The floating era from 1971 saw a large rise in world interest rates, largely through the rise in the price of petroleum. With the doubling of oil prices in 1978–79 after the Iranian Revolution, the effect was that the economies of North America, Western Europe, and other parts of the world went into recession. George Soros and other operators of hedge funds used the global capital market to raise large sums of money and this in turn resulted in the “Battle for Sterling” in 1992 when Soros fought the Bank of England, and later in 1997 with the Asian Economic Crisis. Since the late 1990s there has also been the increasing role of China in global capital markets, helping create a boom that led to estimates made in 2006 that the global capital market would exceed $228 trillion by 2010, although with the current crisis, this figure now seems improbable.
2008 Crisis
Thus the result of the global capital market and the spreading of risks can lead to many countries seemingly unconnected to the area at economic risk becoming affected. In 2007 with the start of serious problems in the U.S. subprime home mortgage market, the effects were felt not just by the individual lenders, and especially by Fannie Mae and Freddie Mac, but by banks and financial institutions around the world that had invested their money in Fannie Mae and Freddie Mac and suddenly found themselves exposed to the collapse of the subprime market. The crisis was triggered to a certain extent by undue offering and securitization of low-quality subprime mortgages and other lows in the United States, which were abetted by a certain extent by deregulation in the 1990s and a laxity in enforcement of regulations that continued. Stunned American legislators initiated a bailout coupled with a stream of new regulations.

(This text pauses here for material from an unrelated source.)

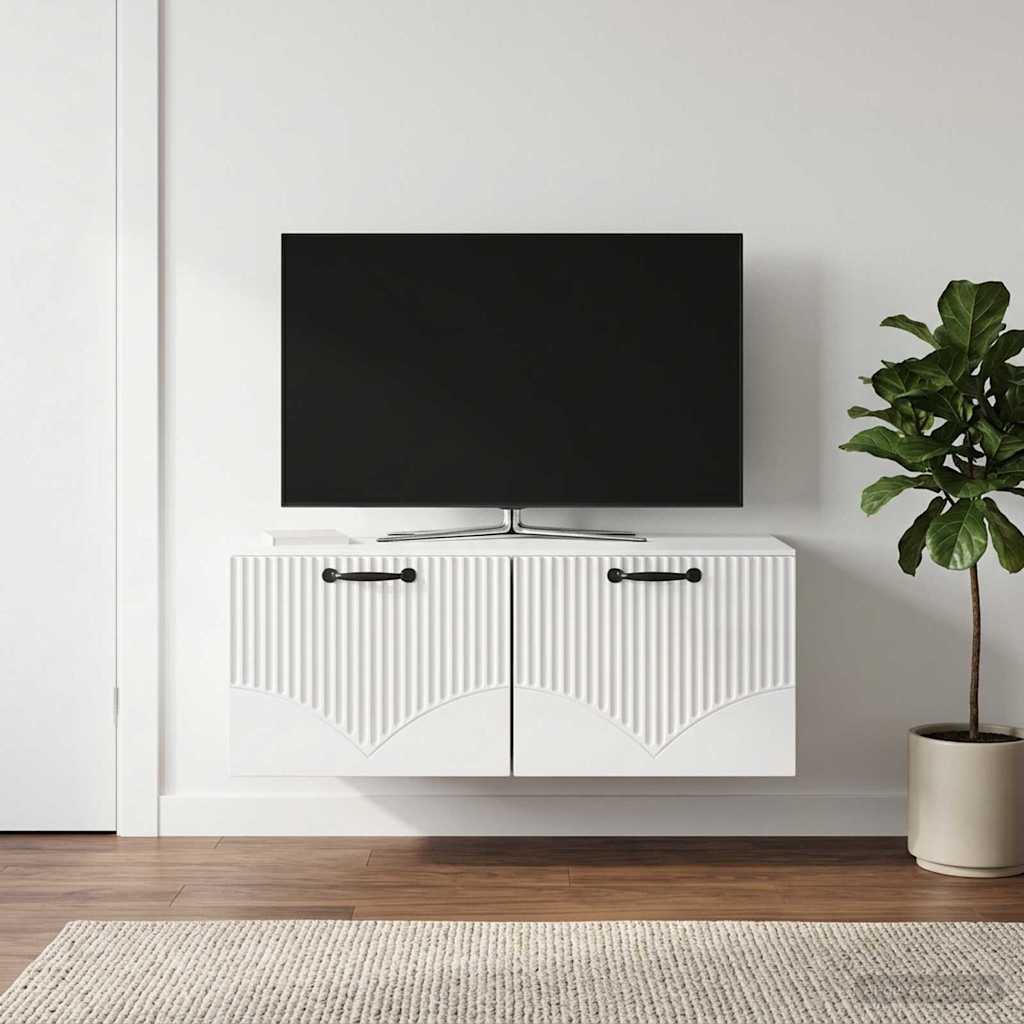 Sieninė TV spintelė Itin blizgi balta 78,5 x 41 x 30 cm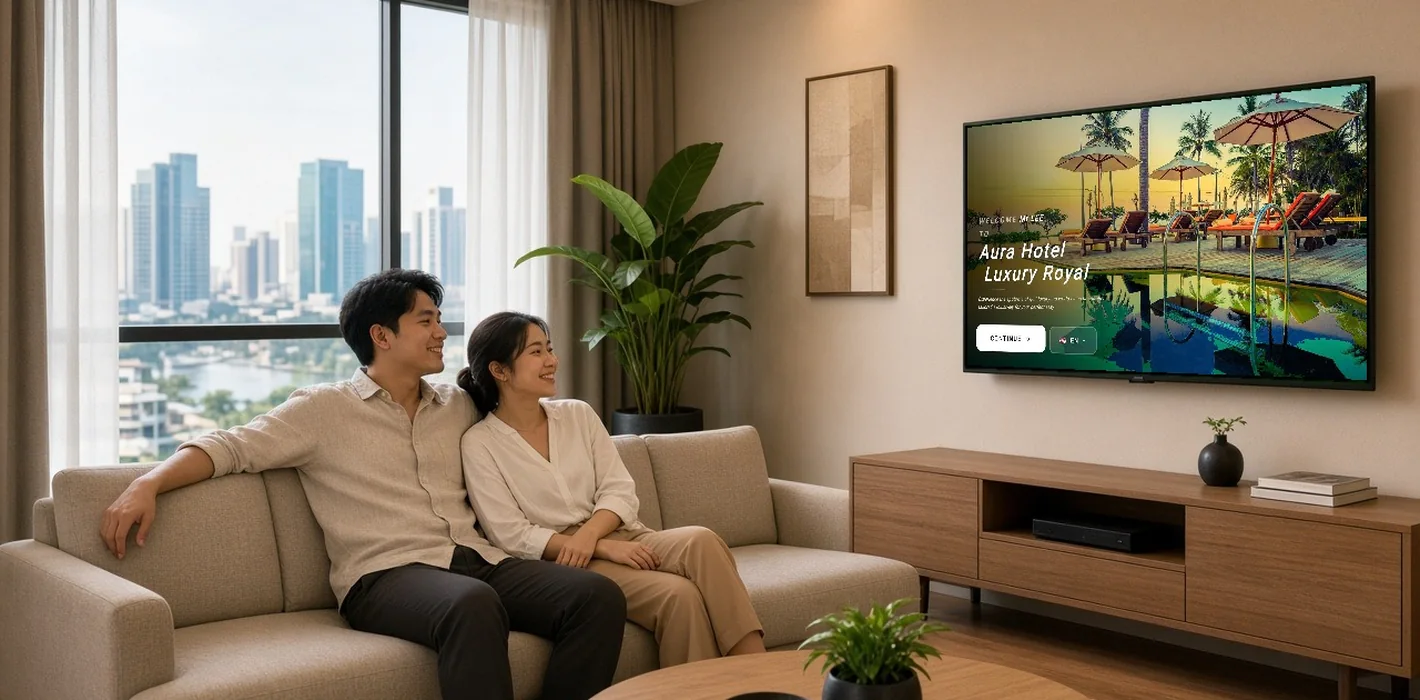 Màn hình chào mừng cá nhân hoá trên IPTV khách sạn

Another dramatic effect in 2008 was following a crisis in the Icelandic banking system, it was revealed that vast numbers of individuals, companies, town corporations, and public organizations had invested their money in Icelandic banks because of the better returns offered, without realizing that this increased their level of risk. While there was confidence in the global capital market, there were no problems, but as soon as “panic” breaks out, there is a quick flight of capital, leaving those less able to quickly react to take potential or actual losses, and in extreme cases to lose their investments as well.